Increasingly sordid tales continue to appear in the news.

A personal favourite is Sheen allegedly writing a "pornquaintance" (a neologism invented just for him) a $30,000 cheque during last week's binge as an incentive to join the exciting "porn family" he wants to create.

Another porn star, 22-year-old Kacey Jordan, described her evening in Sheen's rented mansion on video for TMZ, the gossip site that is the most dedicated follower of Good Time Charlie (yet another of his dreadfully unoriginal nicknames).

He was "wasted out of his mind," Jordan said (more colourfully than I can repeat here). She added that Sheen had said there was no blond member of the porn family yet, so perhaps she could fill that slot, and she matched him drink for drink for a while. Then, according to her, a messenger arrived with a satchel filled with fist-sized chunks of cocaine.

Jordan then had an "anxiety attack" and left. She has since expressed her concern about Sheen and says she worries that the Two and a Half Men star's "binges" could prove fatal. "I hope he is well," she has stated. "I just hope he gets better."

Actress Lindsay Lohan has also reached out, saying that she is worried about Sheen, whom she believes to be in the middle of a "life-or-death situation."

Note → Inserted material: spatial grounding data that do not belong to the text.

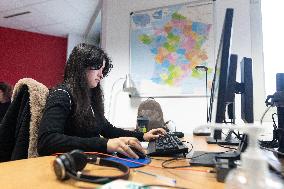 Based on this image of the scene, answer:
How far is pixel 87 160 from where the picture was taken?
69cm

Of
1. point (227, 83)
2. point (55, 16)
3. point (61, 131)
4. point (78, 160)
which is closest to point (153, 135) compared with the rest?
point (61, 131)

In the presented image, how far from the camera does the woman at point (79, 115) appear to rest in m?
0.93

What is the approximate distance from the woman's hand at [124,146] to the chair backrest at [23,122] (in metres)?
0.42

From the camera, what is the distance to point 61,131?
41.3 inches

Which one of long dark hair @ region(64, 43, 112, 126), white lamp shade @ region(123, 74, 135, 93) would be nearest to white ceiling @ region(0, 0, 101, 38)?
white lamp shade @ region(123, 74, 135, 93)

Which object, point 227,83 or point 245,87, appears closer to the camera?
point 227,83

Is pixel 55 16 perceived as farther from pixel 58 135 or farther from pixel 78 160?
pixel 78 160

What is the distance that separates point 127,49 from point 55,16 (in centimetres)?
171

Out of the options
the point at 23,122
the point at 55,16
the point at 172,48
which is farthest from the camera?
the point at 55,16

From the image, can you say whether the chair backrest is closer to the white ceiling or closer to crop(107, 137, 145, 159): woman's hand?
crop(107, 137, 145, 159): woman's hand

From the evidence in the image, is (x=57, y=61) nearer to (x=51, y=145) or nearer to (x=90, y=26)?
(x=90, y=26)

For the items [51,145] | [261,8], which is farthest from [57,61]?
[51,145]

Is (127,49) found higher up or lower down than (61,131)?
higher up

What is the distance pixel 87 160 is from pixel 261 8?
110 inches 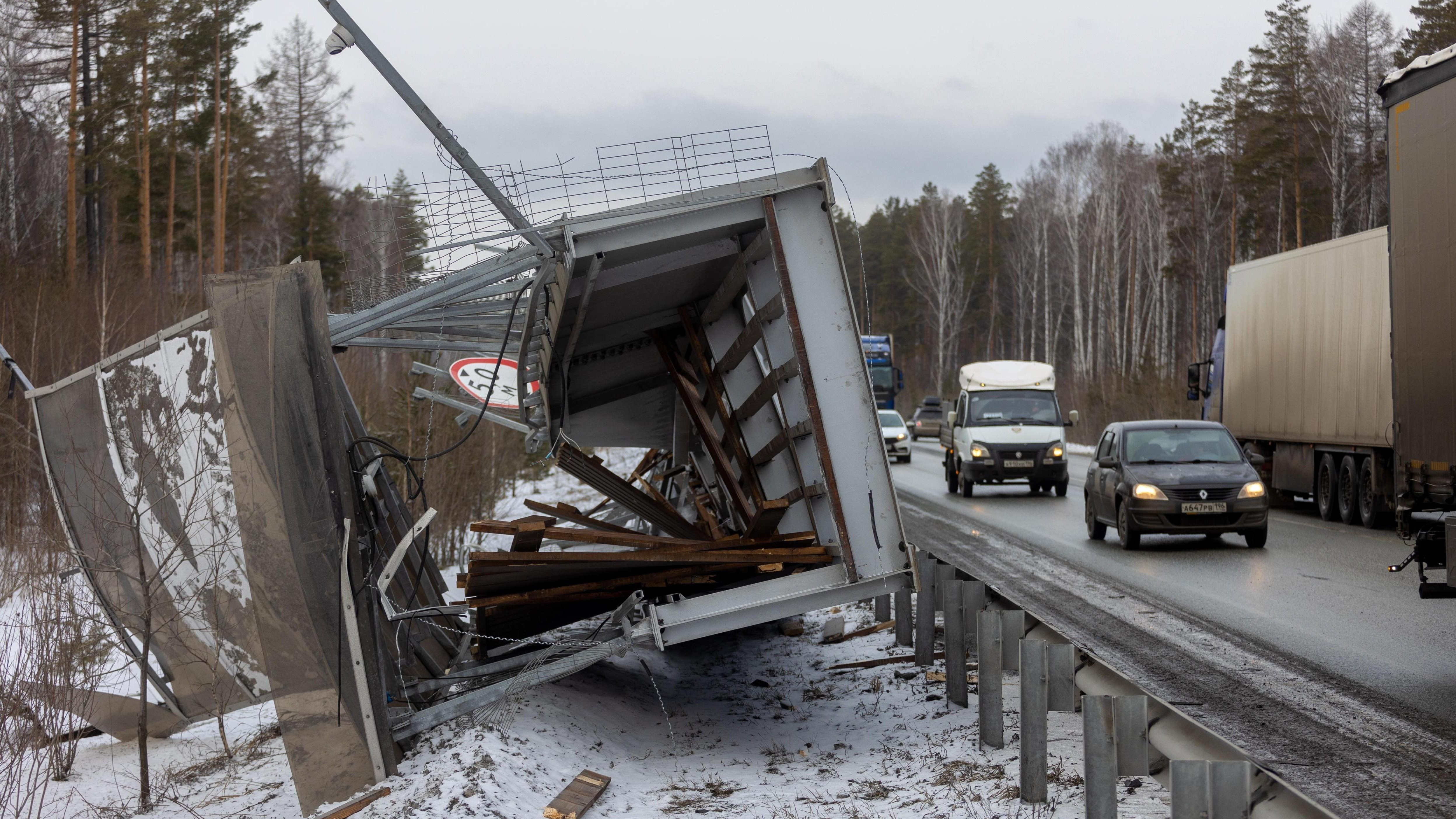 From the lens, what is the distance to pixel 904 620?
969cm

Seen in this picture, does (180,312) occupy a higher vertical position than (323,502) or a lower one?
higher

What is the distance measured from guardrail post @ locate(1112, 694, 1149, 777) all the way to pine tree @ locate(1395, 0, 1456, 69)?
37539 mm

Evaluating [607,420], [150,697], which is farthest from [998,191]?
[150,697]

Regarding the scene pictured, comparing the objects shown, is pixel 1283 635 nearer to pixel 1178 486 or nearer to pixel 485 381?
pixel 1178 486

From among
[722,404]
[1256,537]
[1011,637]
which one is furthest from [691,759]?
[1256,537]

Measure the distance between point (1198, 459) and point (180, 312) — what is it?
60.1 ft

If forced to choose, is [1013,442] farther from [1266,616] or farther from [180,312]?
[180,312]

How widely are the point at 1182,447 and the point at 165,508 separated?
13.3 metres

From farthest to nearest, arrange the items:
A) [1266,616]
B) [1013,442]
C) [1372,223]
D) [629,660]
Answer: [1372,223]
[1013,442]
[1266,616]
[629,660]

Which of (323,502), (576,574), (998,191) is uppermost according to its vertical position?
(998,191)

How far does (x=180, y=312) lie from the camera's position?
2333 cm

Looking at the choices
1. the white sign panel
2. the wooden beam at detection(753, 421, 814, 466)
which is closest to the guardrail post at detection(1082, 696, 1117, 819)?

If Amy Winehouse chimed in with a public statement, you'd have a rock-bottom Trifecta of concern.

(Imagine actor/sizzling mess Andy Dick being worried about someone else's public conduct; imagine being advised to diet by Kevin James playing Paul Blart: Mall Cop, and there you have it: Charlie Sheen's condition.

Sheen is said to boast, "Men like me don't die!"

Is he daring his relentless good fortune to abandon ship?

On one level, he is right. As Hemingway once observed, death is in "no special hurry" to seize those who are not "very good," "gentle" and "brave."

In spite of the insouciant way in which he describes his antics as harmless, great times, Sheen has been accused on numerous occasions of assaulting women. The loveable scoundrel he continues to reference is his television alter ego, Charlie Harper, who truly succeeds through excess; whose charm and rakishness go hand in hand. But Sheen's own life looks much darker than Harper's at this point.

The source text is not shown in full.